Location
- Barns of Claverhouse Road Dundee, DD4 9RD Scotland 56°29′35″N 2°57′30″W﻿ / ﻿56.493111°N 2.958353°W

Information
- Type: State primary
- Local authority: Dundee City Council
- Head teacher: Ashley Matheson
- Gender: Mixed
- Enrollment: 290
- Feeder to: Greenfield Academy

= Mill of Mains Primary School =

Mill of Mains Primary School is a co-educational non-denominational primary school situated in the Mill o' Mains area in the northern part of Dundee, Scotland. Administered by Dundee City Council, the school operates as a major educational and community hub for families residing in the immediate residential district, offering both standard primary education and an integrated nursery class.

== Overview and student support ==
Located on Barns of Claverhouse Road, the school campus sits in close proximity to the Trottick Mill Ponds Local Nature Reserve, which allows for regular outdoor learning opportunities.

Mill of Mains places a heavy emphasis on student wellbeing and inclusive family support. The school operates a dedicated Young Carers network in direct partnership with the independent Dundee Carers Centre. This programme provides an in-school Young Carer Coordinator and a dedicated Link Worker to assist pupils who balance their education with caring responsibilities at home.
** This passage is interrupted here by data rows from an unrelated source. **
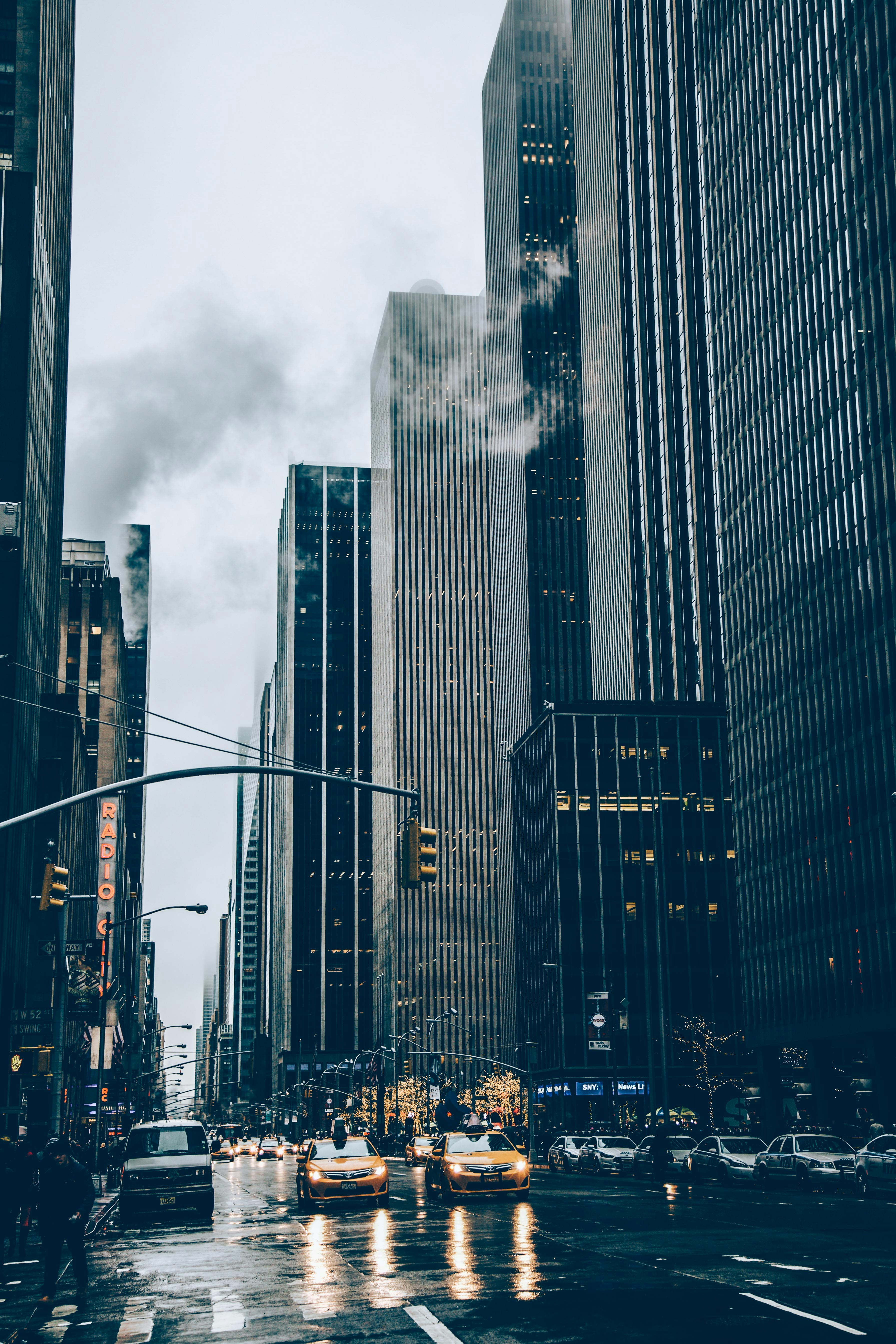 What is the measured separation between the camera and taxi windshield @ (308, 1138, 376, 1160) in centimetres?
3475

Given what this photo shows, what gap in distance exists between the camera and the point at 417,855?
2192 cm

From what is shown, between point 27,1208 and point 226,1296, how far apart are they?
637 inches

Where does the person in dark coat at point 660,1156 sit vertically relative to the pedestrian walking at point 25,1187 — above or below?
below

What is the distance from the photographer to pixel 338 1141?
3603 cm

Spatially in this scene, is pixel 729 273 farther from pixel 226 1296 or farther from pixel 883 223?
pixel 226 1296

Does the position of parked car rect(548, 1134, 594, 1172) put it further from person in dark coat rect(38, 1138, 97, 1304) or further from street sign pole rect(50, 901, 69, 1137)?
person in dark coat rect(38, 1138, 97, 1304)

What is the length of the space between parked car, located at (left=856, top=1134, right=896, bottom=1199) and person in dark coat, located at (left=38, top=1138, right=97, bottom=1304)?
73.7 feet

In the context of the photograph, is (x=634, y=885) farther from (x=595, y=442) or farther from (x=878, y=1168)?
(x=878, y=1168)

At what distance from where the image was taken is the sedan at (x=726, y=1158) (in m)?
43.3

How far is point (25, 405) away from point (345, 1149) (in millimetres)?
40977

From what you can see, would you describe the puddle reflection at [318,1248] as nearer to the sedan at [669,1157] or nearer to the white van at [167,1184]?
the white van at [167,1184]

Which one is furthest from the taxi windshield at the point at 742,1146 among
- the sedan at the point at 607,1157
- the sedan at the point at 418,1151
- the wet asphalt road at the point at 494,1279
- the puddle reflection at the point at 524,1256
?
the sedan at the point at 418,1151

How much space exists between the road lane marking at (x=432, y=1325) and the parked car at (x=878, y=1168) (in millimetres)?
23109

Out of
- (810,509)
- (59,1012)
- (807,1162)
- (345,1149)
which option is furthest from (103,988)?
(810,509) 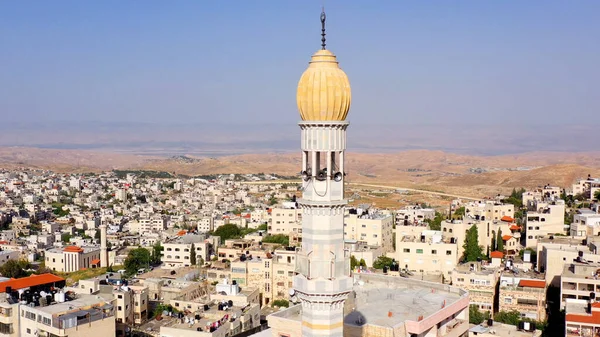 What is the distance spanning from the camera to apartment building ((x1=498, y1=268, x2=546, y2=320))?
2428cm

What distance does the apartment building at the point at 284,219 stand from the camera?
4209 cm

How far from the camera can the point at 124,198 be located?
7781cm

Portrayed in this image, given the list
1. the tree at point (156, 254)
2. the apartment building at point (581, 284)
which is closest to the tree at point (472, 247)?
the apartment building at point (581, 284)

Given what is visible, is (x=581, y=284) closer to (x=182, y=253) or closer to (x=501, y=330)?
(x=501, y=330)

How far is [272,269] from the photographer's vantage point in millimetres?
30312

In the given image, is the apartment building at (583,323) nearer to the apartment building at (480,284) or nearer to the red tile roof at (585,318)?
the red tile roof at (585,318)

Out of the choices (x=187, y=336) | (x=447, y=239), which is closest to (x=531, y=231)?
(x=447, y=239)

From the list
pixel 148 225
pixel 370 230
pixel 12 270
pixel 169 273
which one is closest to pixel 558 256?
pixel 370 230

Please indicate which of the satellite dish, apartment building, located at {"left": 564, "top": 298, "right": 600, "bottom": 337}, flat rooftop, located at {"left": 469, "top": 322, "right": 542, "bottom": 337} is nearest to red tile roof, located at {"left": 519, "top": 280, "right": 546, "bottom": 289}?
flat rooftop, located at {"left": 469, "top": 322, "right": 542, "bottom": 337}

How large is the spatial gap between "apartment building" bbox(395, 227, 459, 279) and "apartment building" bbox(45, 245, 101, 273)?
1991 cm

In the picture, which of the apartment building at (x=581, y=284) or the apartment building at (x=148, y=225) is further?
the apartment building at (x=148, y=225)

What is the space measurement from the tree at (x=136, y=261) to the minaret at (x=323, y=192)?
29138mm

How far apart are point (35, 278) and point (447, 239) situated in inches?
731

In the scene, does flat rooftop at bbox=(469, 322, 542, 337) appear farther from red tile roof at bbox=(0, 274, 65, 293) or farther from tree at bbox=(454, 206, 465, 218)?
tree at bbox=(454, 206, 465, 218) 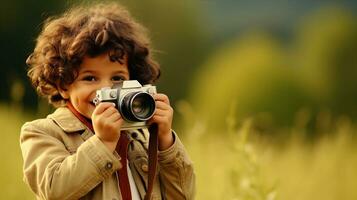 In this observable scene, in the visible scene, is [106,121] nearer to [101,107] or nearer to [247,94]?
[101,107]

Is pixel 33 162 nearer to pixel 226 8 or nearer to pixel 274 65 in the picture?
pixel 274 65

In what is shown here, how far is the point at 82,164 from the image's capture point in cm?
210

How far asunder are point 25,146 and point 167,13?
24699mm

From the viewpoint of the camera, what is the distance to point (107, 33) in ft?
7.43

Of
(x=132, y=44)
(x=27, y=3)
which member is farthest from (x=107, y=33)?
(x=27, y=3)

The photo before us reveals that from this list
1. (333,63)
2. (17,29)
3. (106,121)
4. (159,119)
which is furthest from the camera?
(333,63)

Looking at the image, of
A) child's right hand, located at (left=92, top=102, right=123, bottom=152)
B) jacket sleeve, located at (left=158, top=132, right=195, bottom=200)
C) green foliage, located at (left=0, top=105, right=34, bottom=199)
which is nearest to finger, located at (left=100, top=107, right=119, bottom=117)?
child's right hand, located at (left=92, top=102, right=123, bottom=152)

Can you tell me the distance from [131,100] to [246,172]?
878mm

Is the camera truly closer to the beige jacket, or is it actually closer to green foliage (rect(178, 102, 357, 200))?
the beige jacket

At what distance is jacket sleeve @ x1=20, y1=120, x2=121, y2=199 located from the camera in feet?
6.84

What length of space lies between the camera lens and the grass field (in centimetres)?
65

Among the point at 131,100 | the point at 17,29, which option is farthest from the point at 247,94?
the point at 131,100

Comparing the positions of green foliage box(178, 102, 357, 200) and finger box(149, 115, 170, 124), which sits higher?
finger box(149, 115, 170, 124)

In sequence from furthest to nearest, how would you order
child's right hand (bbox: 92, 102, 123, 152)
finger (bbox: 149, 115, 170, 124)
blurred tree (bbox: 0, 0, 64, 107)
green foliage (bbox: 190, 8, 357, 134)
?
blurred tree (bbox: 0, 0, 64, 107) → green foliage (bbox: 190, 8, 357, 134) → finger (bbox: 149, 115, 170, 124) → child's right hand (bbox: 92, 102, 123, 152) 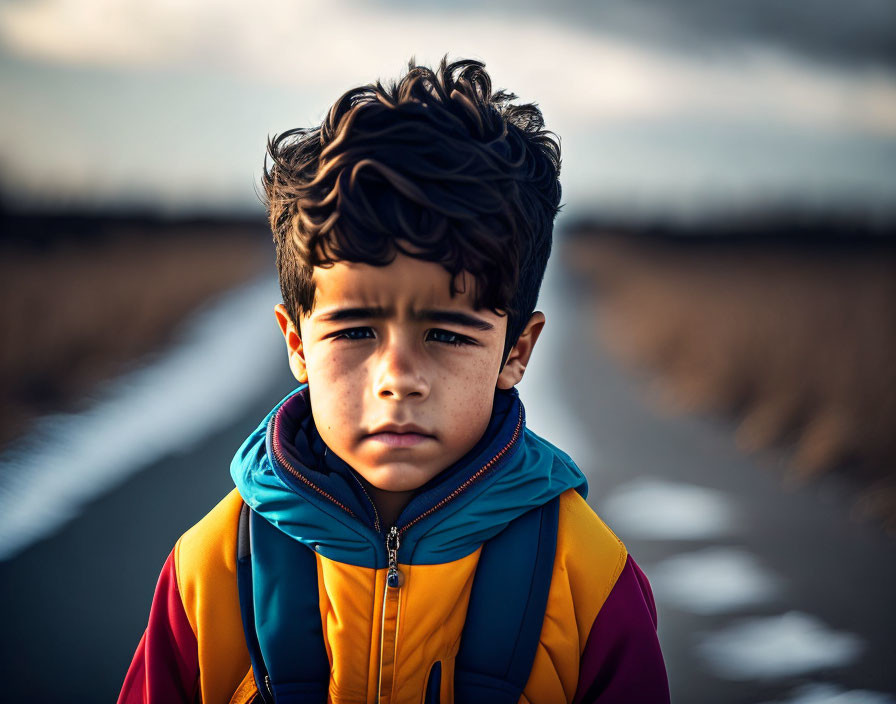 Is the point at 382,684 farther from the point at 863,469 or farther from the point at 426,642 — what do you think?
the point at 863,469

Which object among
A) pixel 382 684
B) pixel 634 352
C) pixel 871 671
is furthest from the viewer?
pixel 634 352

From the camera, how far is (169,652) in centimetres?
157

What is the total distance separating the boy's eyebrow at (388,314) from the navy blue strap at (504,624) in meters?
0.46

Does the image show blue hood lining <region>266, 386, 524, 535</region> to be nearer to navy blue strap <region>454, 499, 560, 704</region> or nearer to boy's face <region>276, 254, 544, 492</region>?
boy's face <region>276, 254, 544, 492</region>

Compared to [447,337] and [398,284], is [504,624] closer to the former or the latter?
[447,337]

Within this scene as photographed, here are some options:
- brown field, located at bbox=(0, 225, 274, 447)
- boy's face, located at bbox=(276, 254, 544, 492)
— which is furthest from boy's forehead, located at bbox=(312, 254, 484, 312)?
brown field, located at bbox=(0, 225, 274, 447)

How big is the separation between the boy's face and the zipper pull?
124mm

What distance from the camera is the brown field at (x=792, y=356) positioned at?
5047 millimetres

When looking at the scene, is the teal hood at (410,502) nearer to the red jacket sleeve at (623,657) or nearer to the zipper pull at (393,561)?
the zipper pull at (393,561)

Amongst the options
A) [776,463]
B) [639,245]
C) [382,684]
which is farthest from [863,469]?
[639,245]

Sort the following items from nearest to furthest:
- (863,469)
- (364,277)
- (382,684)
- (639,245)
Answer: (364,277) → (382,684) → (863,469) → (639,245)

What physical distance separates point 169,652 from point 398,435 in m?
0.65

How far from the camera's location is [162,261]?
1449 centimetres

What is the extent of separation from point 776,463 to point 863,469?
1.74ft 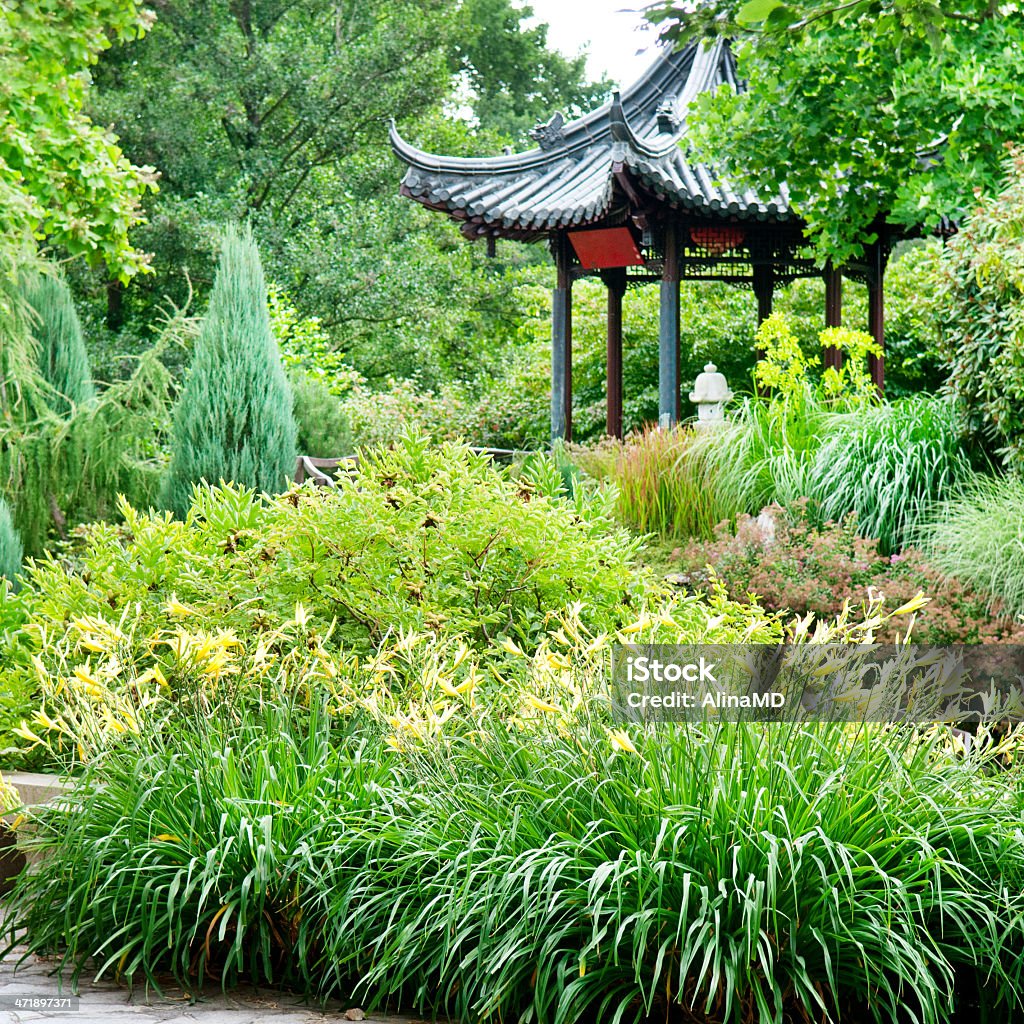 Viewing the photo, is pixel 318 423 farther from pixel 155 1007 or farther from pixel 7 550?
pixel 155 1007

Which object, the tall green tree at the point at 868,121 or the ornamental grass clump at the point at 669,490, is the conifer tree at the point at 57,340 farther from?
the tall green tree at the point at 868,121

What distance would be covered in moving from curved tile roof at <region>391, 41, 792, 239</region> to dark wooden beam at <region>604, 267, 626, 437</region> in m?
1.18

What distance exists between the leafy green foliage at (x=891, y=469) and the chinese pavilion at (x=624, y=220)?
263 cm

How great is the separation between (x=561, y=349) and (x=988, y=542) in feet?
20.5

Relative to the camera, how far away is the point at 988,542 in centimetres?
545

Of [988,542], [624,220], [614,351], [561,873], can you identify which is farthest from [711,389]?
[561,873]

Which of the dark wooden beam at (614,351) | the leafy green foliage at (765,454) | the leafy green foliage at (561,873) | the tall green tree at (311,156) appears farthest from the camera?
the tall green tree at (311,156)

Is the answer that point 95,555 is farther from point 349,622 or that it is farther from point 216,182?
point 216,182

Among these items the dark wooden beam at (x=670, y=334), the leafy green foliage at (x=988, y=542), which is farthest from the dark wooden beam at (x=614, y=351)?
the leafy green foliage at (x=988, y=542)

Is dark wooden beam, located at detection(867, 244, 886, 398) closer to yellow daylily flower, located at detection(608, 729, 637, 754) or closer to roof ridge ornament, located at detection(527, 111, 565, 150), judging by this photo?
roof ridge ornament, located at detection(527, 111, 565, 150)

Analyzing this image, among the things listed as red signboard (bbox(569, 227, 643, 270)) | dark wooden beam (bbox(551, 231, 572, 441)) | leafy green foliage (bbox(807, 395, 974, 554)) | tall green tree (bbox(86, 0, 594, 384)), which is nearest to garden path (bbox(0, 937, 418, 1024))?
leafy green foliage (bbox(807, 395, 974, 554))

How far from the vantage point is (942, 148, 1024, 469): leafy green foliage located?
5.89 metres

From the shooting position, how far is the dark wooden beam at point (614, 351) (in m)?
11.8

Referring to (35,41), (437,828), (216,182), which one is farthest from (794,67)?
(216,182) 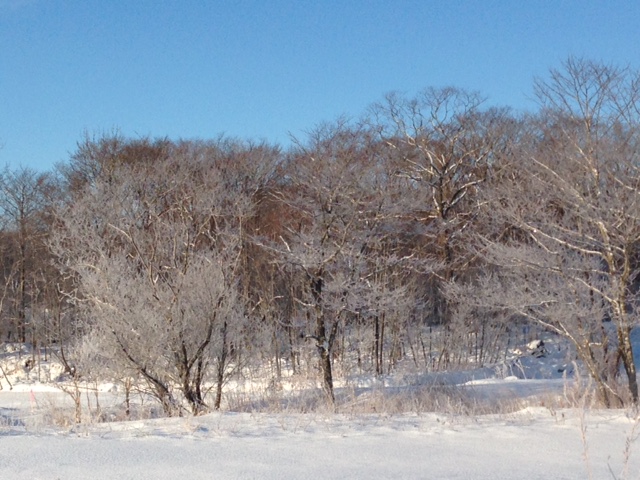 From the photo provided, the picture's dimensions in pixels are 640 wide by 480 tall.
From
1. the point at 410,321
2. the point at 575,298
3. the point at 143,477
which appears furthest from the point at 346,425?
the point at 410,321

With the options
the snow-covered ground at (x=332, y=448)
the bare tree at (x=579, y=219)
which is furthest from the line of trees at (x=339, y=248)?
the snow-covered ground at (x=332, y=448)

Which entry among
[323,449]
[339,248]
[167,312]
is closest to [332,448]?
[323,449]

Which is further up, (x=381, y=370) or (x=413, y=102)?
(x=413, y=102)

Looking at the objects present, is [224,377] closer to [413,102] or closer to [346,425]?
[346,425]

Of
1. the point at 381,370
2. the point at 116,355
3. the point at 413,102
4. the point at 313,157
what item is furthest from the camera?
the point at 413,102

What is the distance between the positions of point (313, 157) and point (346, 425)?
40.3 feet

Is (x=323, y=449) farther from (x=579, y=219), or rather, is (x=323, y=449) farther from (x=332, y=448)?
(x=579, y=219)

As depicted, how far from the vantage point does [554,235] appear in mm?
11953

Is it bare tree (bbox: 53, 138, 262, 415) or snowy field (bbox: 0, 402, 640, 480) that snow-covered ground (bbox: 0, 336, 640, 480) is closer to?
snowy field (bbox: 0, 402, 640, 480)

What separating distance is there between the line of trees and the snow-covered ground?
4041mm

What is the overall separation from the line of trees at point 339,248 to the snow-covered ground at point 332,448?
404 centimetres

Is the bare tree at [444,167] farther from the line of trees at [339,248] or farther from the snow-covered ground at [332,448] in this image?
the snow-covered ground at [332,448]

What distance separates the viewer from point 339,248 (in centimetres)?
1631

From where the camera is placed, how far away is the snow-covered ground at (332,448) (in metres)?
4.80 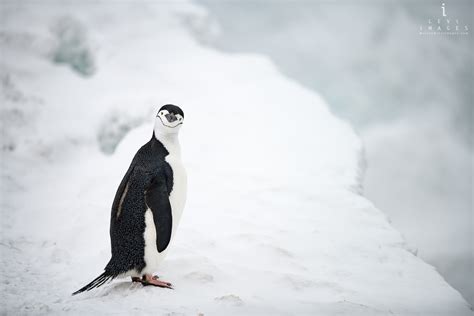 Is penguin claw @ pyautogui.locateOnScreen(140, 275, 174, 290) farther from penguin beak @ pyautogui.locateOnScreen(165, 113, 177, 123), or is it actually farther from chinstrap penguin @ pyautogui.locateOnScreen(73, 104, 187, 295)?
penguin beak @ pyautogui.locateOnScreen(165, 113, 177, 123)

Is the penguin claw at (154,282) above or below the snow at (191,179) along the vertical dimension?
below

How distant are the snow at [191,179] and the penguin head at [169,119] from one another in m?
0.69

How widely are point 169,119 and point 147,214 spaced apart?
1.49 feet

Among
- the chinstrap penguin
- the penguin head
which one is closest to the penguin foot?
the chinstrap penguin

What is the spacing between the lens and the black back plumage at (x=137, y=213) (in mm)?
1989

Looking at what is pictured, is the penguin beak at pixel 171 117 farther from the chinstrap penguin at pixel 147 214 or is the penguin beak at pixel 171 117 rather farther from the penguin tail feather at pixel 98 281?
the penguin tail feather at pixel 98 281

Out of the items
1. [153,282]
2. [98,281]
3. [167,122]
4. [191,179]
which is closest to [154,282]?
[153,282]

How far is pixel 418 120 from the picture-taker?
23.7ft

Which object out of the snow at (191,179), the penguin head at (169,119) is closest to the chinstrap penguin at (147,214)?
the penguin head at (169,119)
The school also maintains a strong extracurricular sports presence, collaborating closely with local community organisations. Pupils regularly participate in regional athletic festivals, with the school operating active partnerships with Dundee Rugby Club and local basketball teams to promote physical health and community integration.

== Secondary cluster ==
Upon completing Primary 7, the majority of students at Mill of Mains transition to Greenfield Academy for their secondary education. To ensure students are well-prepared for the shift into S1, the primary school engages in joint sporting and academic transition events hosted at the Greenfield campus throughout the academic year.